Every entry is to be restated exactly; pictures are not part of the copy.

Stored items
-*-*-

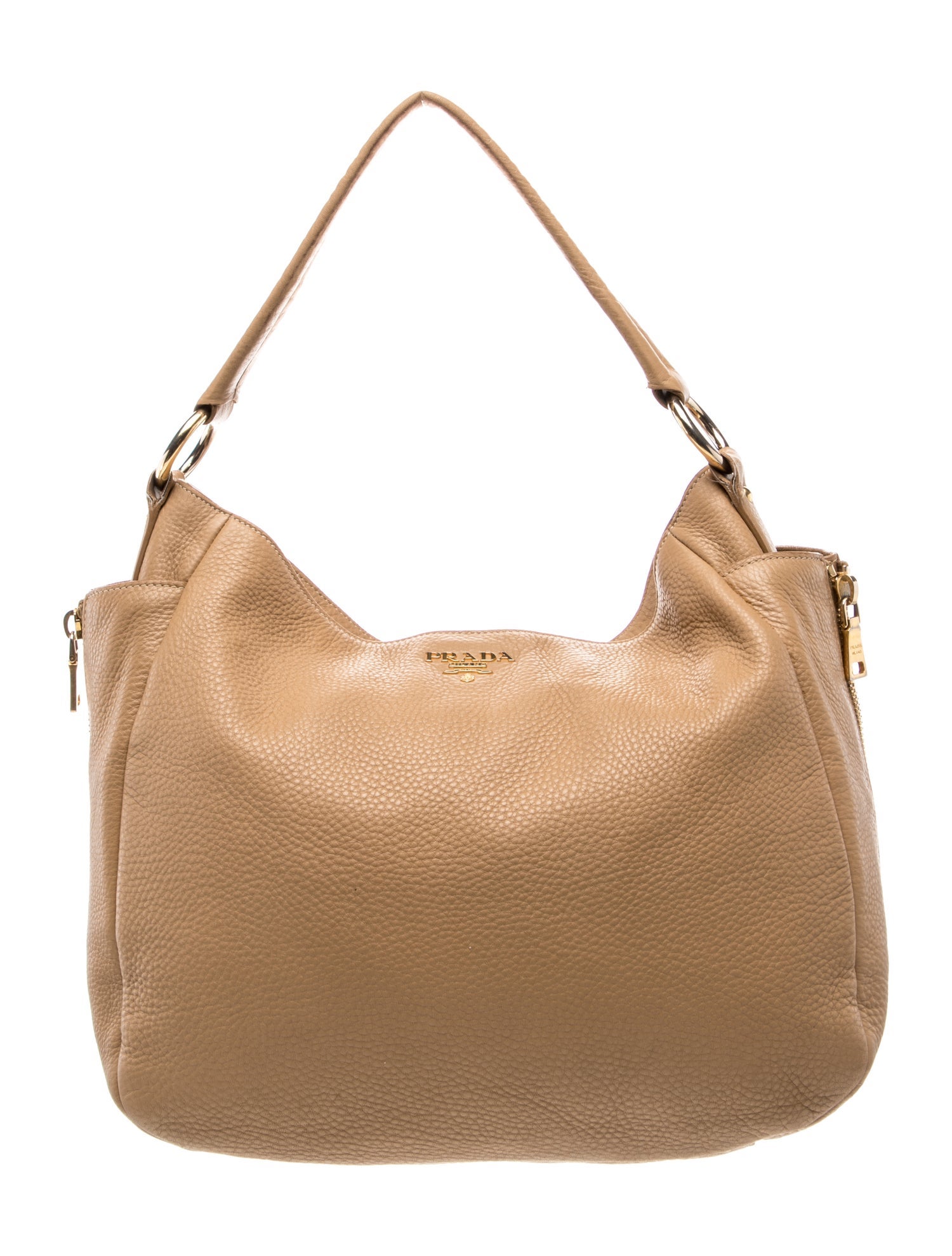 Signature Hobo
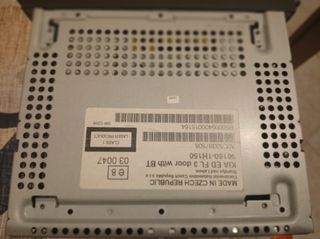Radio cd-thumb-1
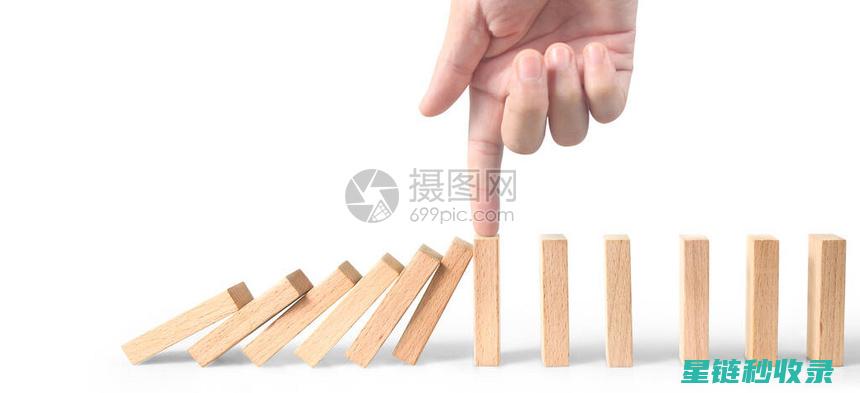 如何有效防止苹果氧化？这些方法你必须知道！ (如何有效防止群体决策的弊端)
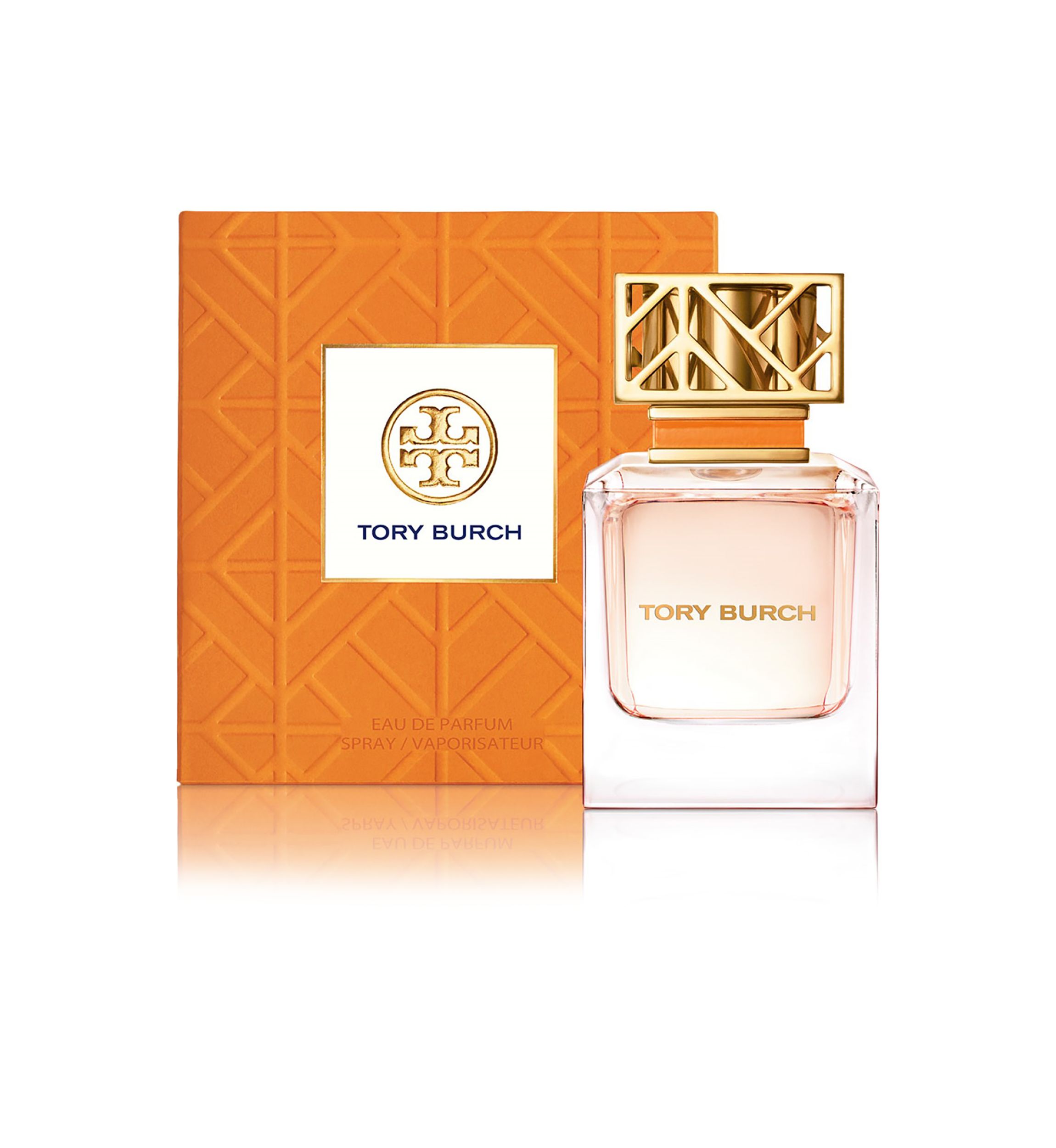 Eau de Parfum Fragrance
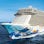 Norwegian Cruise Line Deals: A Guide to Scoring the Best Deals 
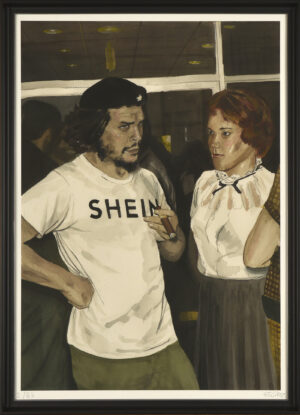 Shein Guevara – ESCIF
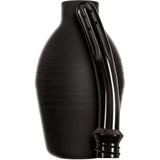 Renegade Body Cleanser, Black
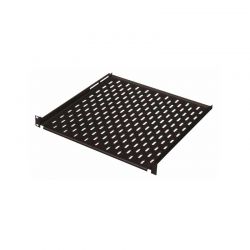 Ράφι Βάθους  25Cm 1U Για Βαρος 20Kgr Conteg DP-PT-250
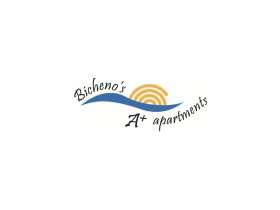 Bicheno's A-Plus Apartments - Geraldton Accommodation 0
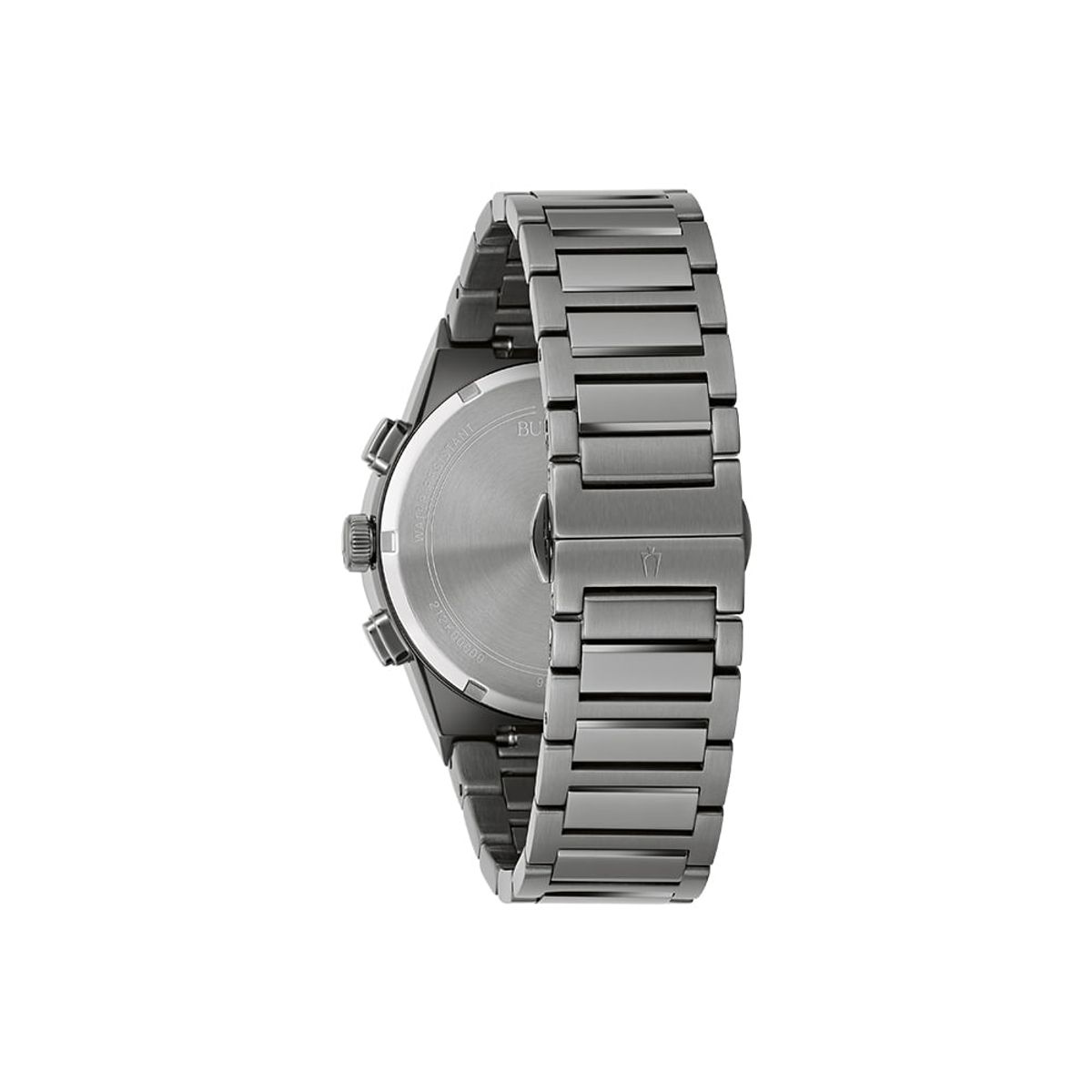 BULOVA - Reloj Hombre Bulova 98C143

-*-*-

SOLUTION.
 Signature Hobo
Radio cd-thumb-1
 如何有效防止苹果氧化？这些方法你必须知道！ (如何有效防止群体决策的弊端)
 Eau de Parfum Fragrance
 Norwegian Cruise Line Deals: A Guide to Scoring the Best Deals 
 Shein Guevara – ESCIF
 Renegade Body Cleanser, Black
 Ράφι Βάθους  25Cm 1U Για Βαρος 20Kgr Conteg DP-PT-250
 Bicheno's A-Plus Apartments - Geraldton Accommodation 0
 BULOVA - Reloj Hombre Bulova 98C143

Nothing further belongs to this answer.